Existe no centro da cidade, numa rua pequena de prédios cor de chumbo, um café que permanece intocado pelo tempo. Desde que o conheço é o mesmo, o balcão marrom com a barra dourada para apoiar os pés, os espelhos laterais próximos das mesas de mármore, os cinzeiros de vidro transparente. Lá no fundo a escada em caracol que leva aos banheiros. Desconfio que seja o único – o último – lugar em toda a Porto Alegre onde ainda se pode fumar. Nunca fumei, mas quando venho aqui tenho vontade de fazê-lo e de me transformar num desses velhos de colete de lã, camisa xadrez e calça de linho. Eles formam o que eu chamo de assembléia dos anciãos da aldeia. Fumam e bebem café preto enquanto manuseiam o destino da humanidade como hábeis titereiros que são. Decidem se os planos e desejos dos homens se realizarão ou se tudo não passará de quimeras. Se a mulher de cabelos loiros, ainda molhados do banho, que caminha apressada levando a bolsa prensada contra o corpo, chegará ao serviço a tempo de evitar a segunda advertência no mês, ou se o chefe dela ficará preso no cruzamento entre a Rua Borges de Medeiros e a Avenida Ipiranga, devido ao acidente que ocorrerá se o caminhão de gás, que trafega na outra mão da avenida, esticar a velocidade de modo a pegar o último vapor de sinal amarelo, antes que ele se torne vermelho, e o menino de mochila preta, moletom e capuz na cabeça, coloque um dos pés, como é destro por instinto será esse, na listra branca da faixa de segurança. Talvez ele nem pense nisso, se devia ou não esperar os carros pararem em definitivo, porque a música que escuta no fone de ouvido é tão perfeita que tem o poder de fazê-lo sentir-se como se estivesse num filme e tudo a sua volta é inofensivo, que todos – o jornaleiro, os pedestres, os motoristas – também são atores e como ele sabem de antemão o que devem fazer. Talvez um pressentimento, uma sacudidela nos fios que o prendem, o faça parar e não prosseguir. A verdade é que ninguém sabe o que os velhos tramam, nem os motivos. Velhos demiurgos aposentados.

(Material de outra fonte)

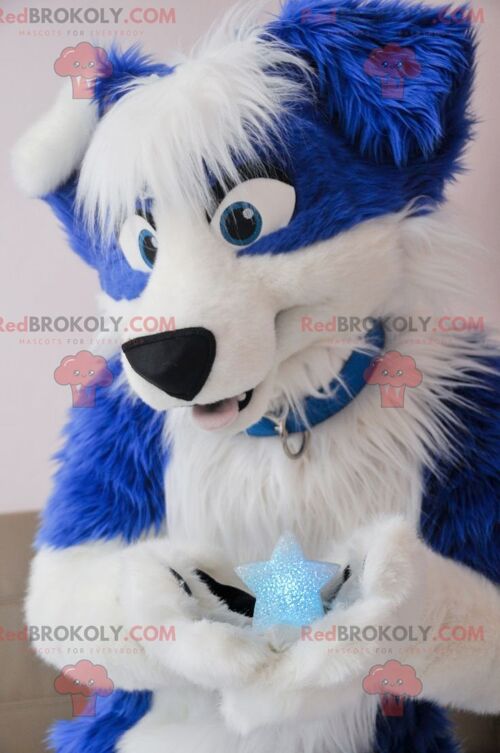 Blue and white dog REDBROKOLY mascot , REDBROKO__0990
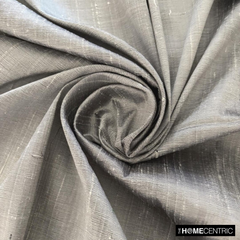 Silver Gray 100% Pure Silk Dupioni Fabric By The Yard
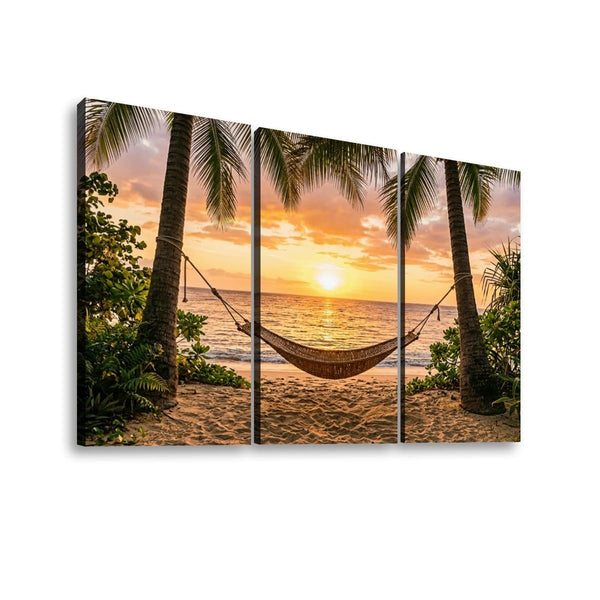 Hammock & Palm Trees Sunset Canvas Wall Art – Drift Into Sunset | 5-Panel Level Coastal Beach Print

Adoro vir aqui e tragar esse aroma de café e cigarro. O valor do expresso é justo e o copo de água mineral com gás é por conta da casa. As garçonetes são mulheres de meia-idade, simpáticas, donas de corpos que ainda exalam vitalidade, conforme o gosto da freguesia. A atendente do caixa é a mais jovem, uma balzaquiana de cabelos negros, olhos fulgurantes que me consomem como fogo em papel. Tenho vontade de convidá-la para sentar e tomar um café, mas confesso que a cantada está longe de ser original, ainda que honesta.
Os velhos não temem o tempo, aqui ele não os alcança, perde seu efeito ferruginoso. Sinto-me confortável entre eles. Imagino que me aceitam porque sabem que eu partilho de seus segredos e que venho observá-los porque um dia assumirei uma dessas cadeiras ou, talvez, eu já esteja aqui há tanto tempo que nem percebi. Talvez um outro eu ande por aí, prisioneiro das horas, correndo de um lado para o outro, tentando valer-se de algum indício de realidade. Talvez um dia ele passe em frente ao Ancien e imagino que não ficará surpreso ao me encontrar, pois o fato é que tem me procurado desde sempre. Os anciãos o conduzirão até a minha mesa e eu lhe pagarei um expresso á moda da casa.